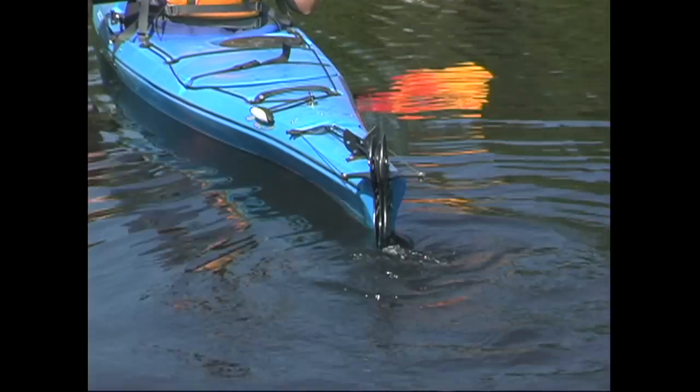Rudders swivel side-to-side in the horizontal plane and are controlled by foot pedals. Skegs simply drop straight into the water and help the boat go straight.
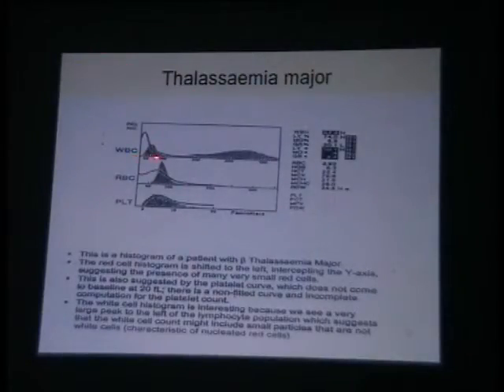Thalassemia major — now that black area that you see is the normal where it should have been. Look at the RBCs and platelets where they should have been. But look at the line that we are showing here: the WBCs have started from the Y axis. The lymphocytes have not started from the base where they are supposed to start. So something smaller than the lymphocyte population is there which has come into the high Y axis area and has started the WBC histogram from there.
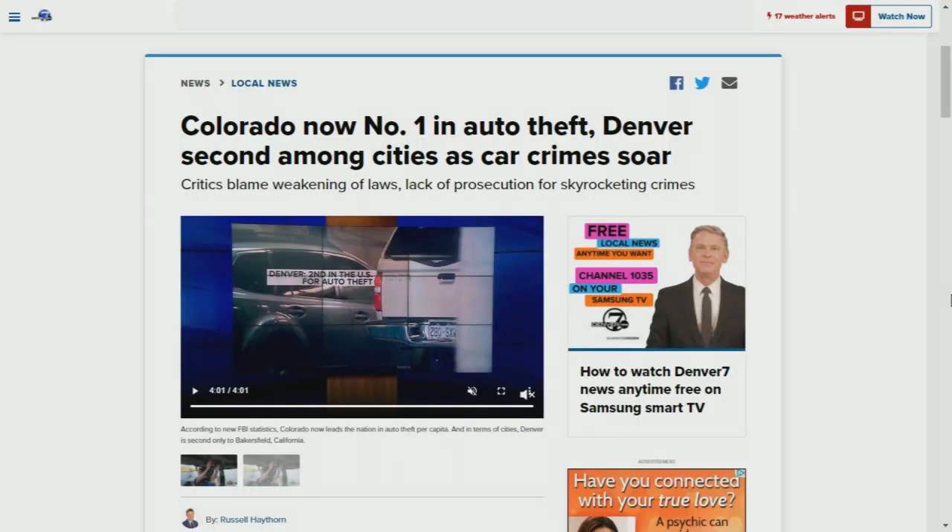Denver 7 has been following Colorado's car theft problem for months and months. You can find all of their reporting, including information on the cars most often stolen in the metro, right now on Denver7.com.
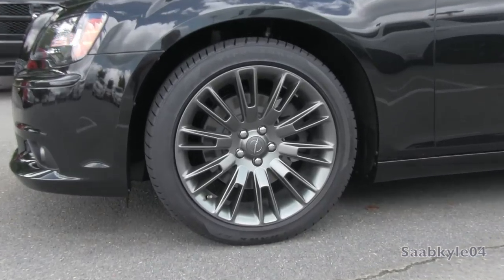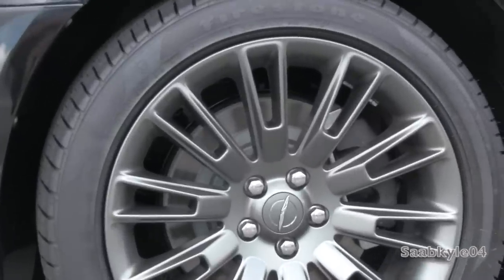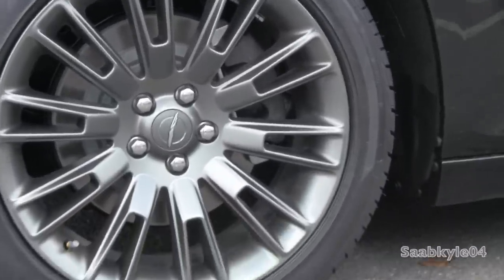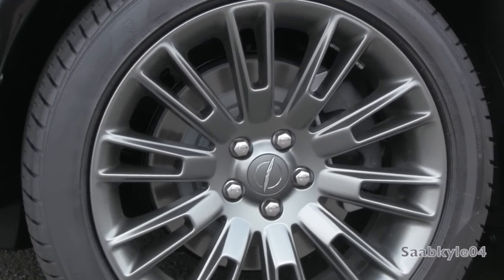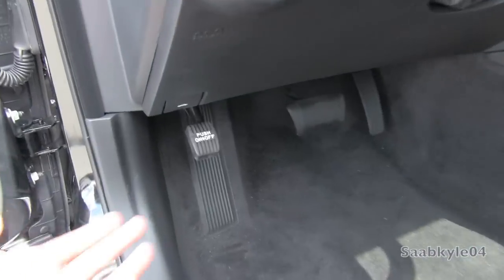The wheels also finish up the exterior uniquely — 20-inch gray finished thin-spoke aluminum alloys wrapped in Firestone Firehawk GT tires measuring 245/45, also with four-wheel disc brakes, stability, and traction control.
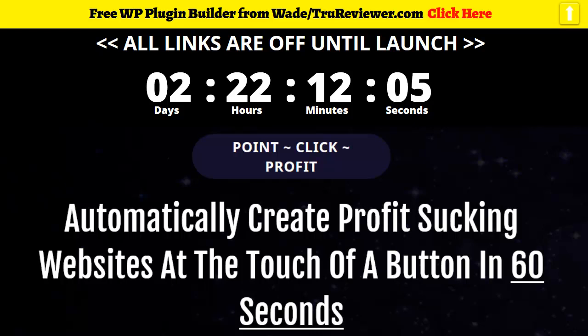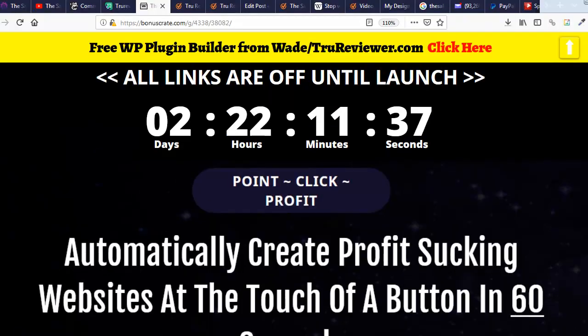Hey everybody, it's Wade from truereview.com. Welcome to this video. This is going to be an introductory video into the Sales Bot. The Sales Bot is going to be launched in two days and 22 hours, which would mean November 15th at 11 a.m. I'll go ahead and write that here for you guys when you come to this page.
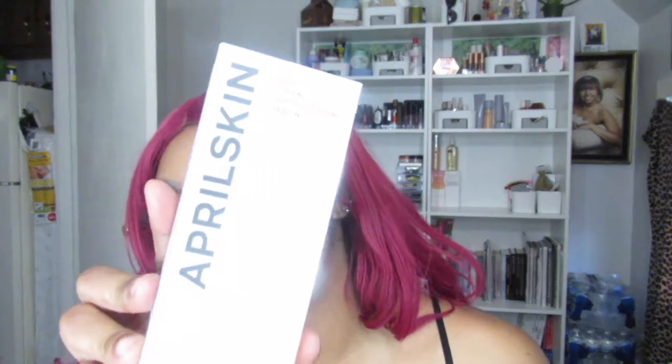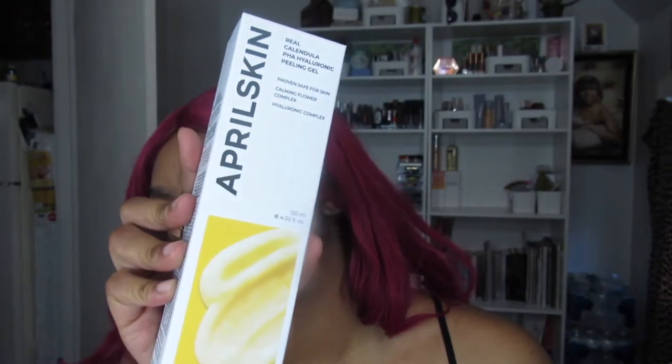It's the Hyaluronic Peeling Gel — it's a Calendula peeling gel. Basically, I saw somebody put some on their face, rub it in, and you could see the product balling up with all of the dead skin on top. That's why I picked it up — I wanted to try this out for you guys.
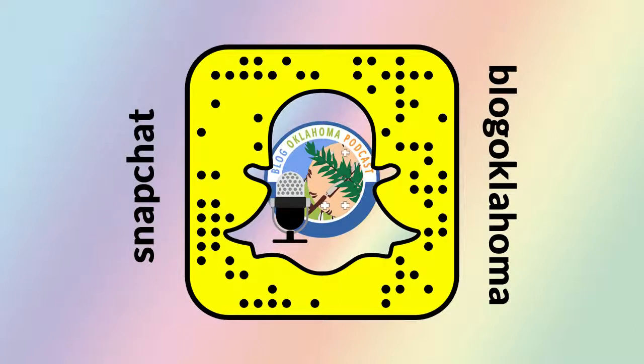Have you seen our many whiteboard updates on Instagram or Snapchat? There we share news, events, fun, or whatever we just happen to doodle on there. So please give us a follow on Instagram or Snapchat at BlogOklahoma.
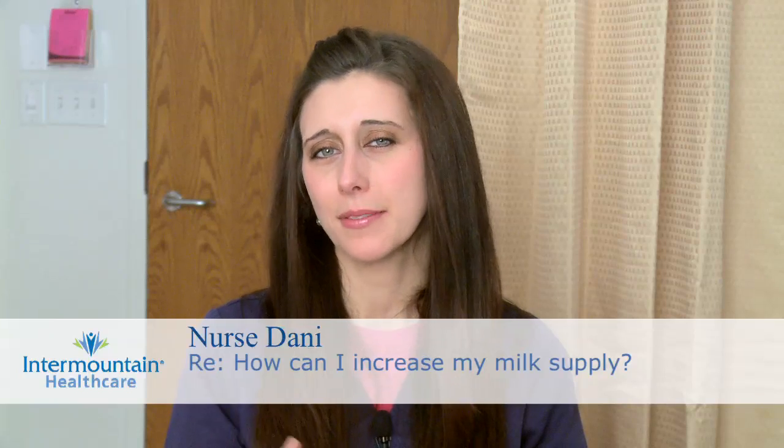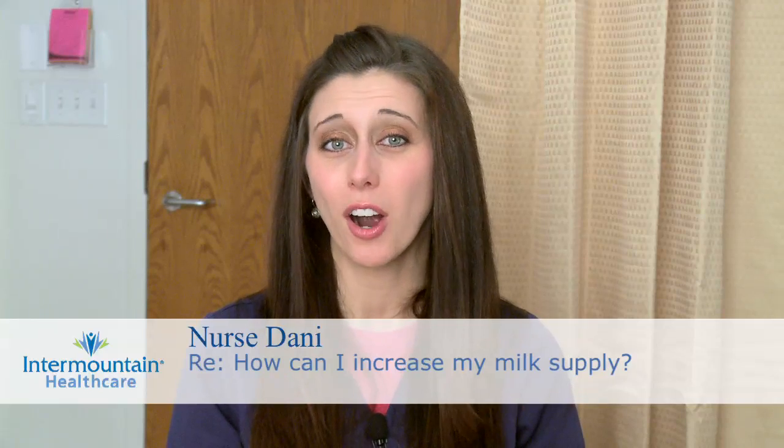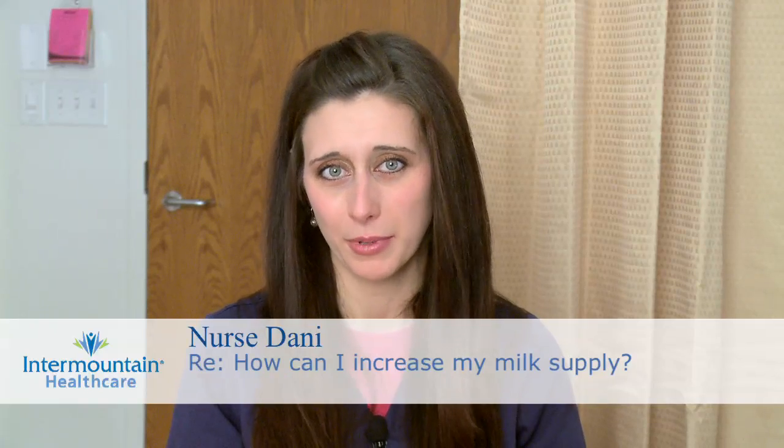A lot of women worry about their milk supply from time to time and may feel like it's diminishing slightly. If this is happening to you, don't get discouraged because there are things you can do to increase your milk supply. First and foremost, it's important to understand that milk supply is based on supply and demand. So the more you nurse or pump — meaning the more you empty your breasts — the more your body is stimulated to make milk.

◆ **What this task involves**: Please copy the lines above, starting at the one that holds "Hey everybody, it's" and stopping after the last line, exactly as they appear and minus the pictures.

◆ **Result of the exercise**:
Hey everybody, it's Wade from truereview.com. Welcome to this video. This is going to be an introductory video into the Sales Bot. The Sales Bot is going to be launched in two days and 22 hours, which would mean November 15th at 11 a.m. I'll go ahead and write that here for you guys when you come to this page.
It's the Hyaluronic Peeling Gel — it's a Calendula peeling gel. Basically, I saw somebody put some on their face, rub it in, and you could see the product balling up with all of the dead skin on top. That's why I picked it up — I wanted to try this out for you guys.
Have you seen our many whiteboard updates on Instagram or Snapchat? There we share news, events, fun, or whatever we just happen to doodle on there. So please give us a follow on Instagram or Snapchat at BlogOklahoma.
A lot of women worry about their milk supply from time to time and may feel like it's diminishing slightly. If this is happening to you, don't get discouraged because there are things you can do to increase your milk supply. First and foremost, it's important to understand that milk supply is based on supply and demand. So the more you nurse or pump — meaning the more you empty your breasts — the more your body is stimulated to make milk.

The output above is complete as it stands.